* Trump adviser resignation fans trade war fears
* ECB may rethink policy as tariff threat looms - analysts
* Euro zone yields lower 2-5 bps across the board
* Euro zone periphery govt bond yields http://tmsnrt.rs/2ii2Bqr (Updates prices, adds ADP report)
LONDON, March 7 (Reuters) - Euro zone government bond yields fell on Wednesday on speculation that planned U.S. import tariffs including on goods from Europe could impede the European Central Bank's plan to withdraw post-crisis monetary stimulus.
U.S. President Donald Trump's top economic adviser, Gary Cohn, resigned on Tuesday in a move that could ramp up protectionist measures which risk igniting a global trade war.
This fuelled demand for safe-haven government bonds, and U.S. Treasury yields extended overnight falls.
In Europe, demand for government bonds stepped up on Wednesday, the day before an ECB meeting at which policymakers are expected to provide more detail on when the central bank will wind up its massive bond buying scheme.
But analysts said the message could be complicated by U.S. events. "The fear in the market is that a global trade war could influence economic growth in Europe, and if growth is lower there is more danger of a recession and the ECB might be forced to be slower in reducing accommodation," said DZ Bank analyst Pascal Segesser.
Commerzbank analysts also flagged this possibility in a note, saying Cohn's resignation increases the chance of a more dovish message from the ECB on Thursday.
Most euro zone government bond yields fell 2-5 basis points.

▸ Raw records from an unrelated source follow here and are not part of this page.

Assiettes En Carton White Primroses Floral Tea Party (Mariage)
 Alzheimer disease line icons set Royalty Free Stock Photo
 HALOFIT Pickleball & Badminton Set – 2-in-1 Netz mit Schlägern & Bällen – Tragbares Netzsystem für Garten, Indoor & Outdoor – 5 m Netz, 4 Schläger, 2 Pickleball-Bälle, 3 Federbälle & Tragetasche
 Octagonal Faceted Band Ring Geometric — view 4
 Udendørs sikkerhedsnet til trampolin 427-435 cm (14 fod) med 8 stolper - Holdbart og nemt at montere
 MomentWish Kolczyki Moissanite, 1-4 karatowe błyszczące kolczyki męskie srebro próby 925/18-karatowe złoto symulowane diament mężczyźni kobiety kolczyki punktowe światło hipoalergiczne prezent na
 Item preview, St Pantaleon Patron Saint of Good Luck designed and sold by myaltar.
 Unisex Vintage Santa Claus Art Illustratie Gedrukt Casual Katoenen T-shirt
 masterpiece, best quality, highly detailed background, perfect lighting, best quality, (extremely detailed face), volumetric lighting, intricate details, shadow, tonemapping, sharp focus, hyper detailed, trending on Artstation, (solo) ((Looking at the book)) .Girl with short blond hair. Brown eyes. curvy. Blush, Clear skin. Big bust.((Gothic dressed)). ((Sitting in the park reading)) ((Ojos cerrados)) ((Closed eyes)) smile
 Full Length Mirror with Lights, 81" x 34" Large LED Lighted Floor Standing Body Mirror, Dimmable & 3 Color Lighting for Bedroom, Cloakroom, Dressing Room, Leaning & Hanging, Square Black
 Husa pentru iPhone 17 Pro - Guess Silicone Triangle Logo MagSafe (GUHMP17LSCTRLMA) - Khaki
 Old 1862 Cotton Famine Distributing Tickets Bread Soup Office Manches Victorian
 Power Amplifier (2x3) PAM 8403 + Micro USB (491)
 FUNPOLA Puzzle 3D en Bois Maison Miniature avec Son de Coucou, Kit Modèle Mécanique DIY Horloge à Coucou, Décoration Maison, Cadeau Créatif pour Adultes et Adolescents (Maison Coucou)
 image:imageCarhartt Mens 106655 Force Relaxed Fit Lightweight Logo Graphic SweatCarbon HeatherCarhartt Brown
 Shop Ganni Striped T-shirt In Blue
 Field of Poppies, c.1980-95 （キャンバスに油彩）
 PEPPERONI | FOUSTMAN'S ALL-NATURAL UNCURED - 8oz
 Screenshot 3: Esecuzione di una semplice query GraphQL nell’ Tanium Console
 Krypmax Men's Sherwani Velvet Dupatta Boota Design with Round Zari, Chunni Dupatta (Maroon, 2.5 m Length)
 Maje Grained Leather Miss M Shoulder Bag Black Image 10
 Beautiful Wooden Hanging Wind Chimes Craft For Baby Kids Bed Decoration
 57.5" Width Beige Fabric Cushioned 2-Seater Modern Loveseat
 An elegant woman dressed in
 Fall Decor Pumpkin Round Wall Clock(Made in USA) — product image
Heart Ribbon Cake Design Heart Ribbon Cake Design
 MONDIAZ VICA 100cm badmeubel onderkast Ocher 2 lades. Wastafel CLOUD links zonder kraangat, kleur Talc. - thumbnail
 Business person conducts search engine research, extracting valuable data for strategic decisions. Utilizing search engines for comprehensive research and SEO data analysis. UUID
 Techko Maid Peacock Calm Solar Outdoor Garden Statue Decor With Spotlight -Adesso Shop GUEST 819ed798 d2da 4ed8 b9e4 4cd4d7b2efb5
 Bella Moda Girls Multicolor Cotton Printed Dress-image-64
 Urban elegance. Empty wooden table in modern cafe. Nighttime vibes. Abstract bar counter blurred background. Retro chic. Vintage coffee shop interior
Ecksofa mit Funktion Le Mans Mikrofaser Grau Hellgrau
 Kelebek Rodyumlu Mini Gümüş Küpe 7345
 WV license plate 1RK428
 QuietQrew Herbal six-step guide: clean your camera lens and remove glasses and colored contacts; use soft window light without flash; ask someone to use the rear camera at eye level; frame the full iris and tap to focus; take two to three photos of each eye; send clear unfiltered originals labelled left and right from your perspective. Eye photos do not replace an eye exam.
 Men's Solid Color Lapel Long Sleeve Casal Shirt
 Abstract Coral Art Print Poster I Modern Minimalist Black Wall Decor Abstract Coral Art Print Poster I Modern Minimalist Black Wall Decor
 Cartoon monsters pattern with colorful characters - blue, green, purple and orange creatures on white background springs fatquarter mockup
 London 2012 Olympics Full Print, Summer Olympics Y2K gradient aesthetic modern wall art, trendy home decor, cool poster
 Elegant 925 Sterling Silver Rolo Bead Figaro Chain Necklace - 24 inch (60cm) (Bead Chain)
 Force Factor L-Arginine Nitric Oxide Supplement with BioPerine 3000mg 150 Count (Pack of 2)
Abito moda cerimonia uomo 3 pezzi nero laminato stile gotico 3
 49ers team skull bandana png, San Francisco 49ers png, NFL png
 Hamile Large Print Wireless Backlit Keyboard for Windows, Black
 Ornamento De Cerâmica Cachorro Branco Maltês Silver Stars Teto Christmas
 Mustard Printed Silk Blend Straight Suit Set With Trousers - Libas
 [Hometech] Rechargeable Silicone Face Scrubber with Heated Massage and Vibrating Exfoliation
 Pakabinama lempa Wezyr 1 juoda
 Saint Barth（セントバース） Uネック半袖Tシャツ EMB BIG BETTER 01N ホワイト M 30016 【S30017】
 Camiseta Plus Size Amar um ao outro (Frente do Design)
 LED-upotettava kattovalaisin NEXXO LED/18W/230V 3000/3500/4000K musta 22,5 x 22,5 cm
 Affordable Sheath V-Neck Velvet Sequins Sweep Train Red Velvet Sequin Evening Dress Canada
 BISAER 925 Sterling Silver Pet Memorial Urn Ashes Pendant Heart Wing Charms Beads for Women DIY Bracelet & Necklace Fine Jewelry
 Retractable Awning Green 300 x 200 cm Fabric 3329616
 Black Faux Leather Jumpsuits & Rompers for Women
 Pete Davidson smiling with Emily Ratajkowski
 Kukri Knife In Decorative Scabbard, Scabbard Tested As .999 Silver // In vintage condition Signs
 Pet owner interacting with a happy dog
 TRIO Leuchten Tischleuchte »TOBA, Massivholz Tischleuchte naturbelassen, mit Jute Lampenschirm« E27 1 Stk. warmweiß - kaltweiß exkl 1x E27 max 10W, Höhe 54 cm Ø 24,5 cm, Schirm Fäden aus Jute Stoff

The yield on Germany's 10-year government bond, the benchmark for the region, was down nearly 2 bps at 0.66 percent.
Lower-rated southern European debt -- seen as more dependent on loose ECB policy -- outperformed, with yields falling 3-7 basis points. Portuguese 10-year yields fell to a more than one-month low of 1.837 percent, before inching up to 1.857 percent.
Data showing U.S. private-sector jobs increased by 235,000 in February briefly put some upward pressure on bond yields, coming before Friday's closely-watched non-farm payrolls report.
The U.S. Federal Reserve's Lael Brainard said that she has greater confidence that gradual interest rate increases are needed.
Meanwhile, the Italy-Germany 10-year yield spread tightened further to 140 bps and was approaching pre-election levels on Tuesday, as investors appeared to put last weekend's inconclusive vote behind them.
Former prime minister Silvio Berlusconi said in a newspaper interview on Wednesday he will support the leader of the eurosceptic League party in attempts to form a government.
Yet the effect on spreads and on the euro was minimal; the common currency was higher at $1.2410.
"Spreads more broadly may have some more breathing room as the actual government formation discussions in Italy do not look set to kick off for real until later this month when parliament convenes for the first time," ING strategists said in a note.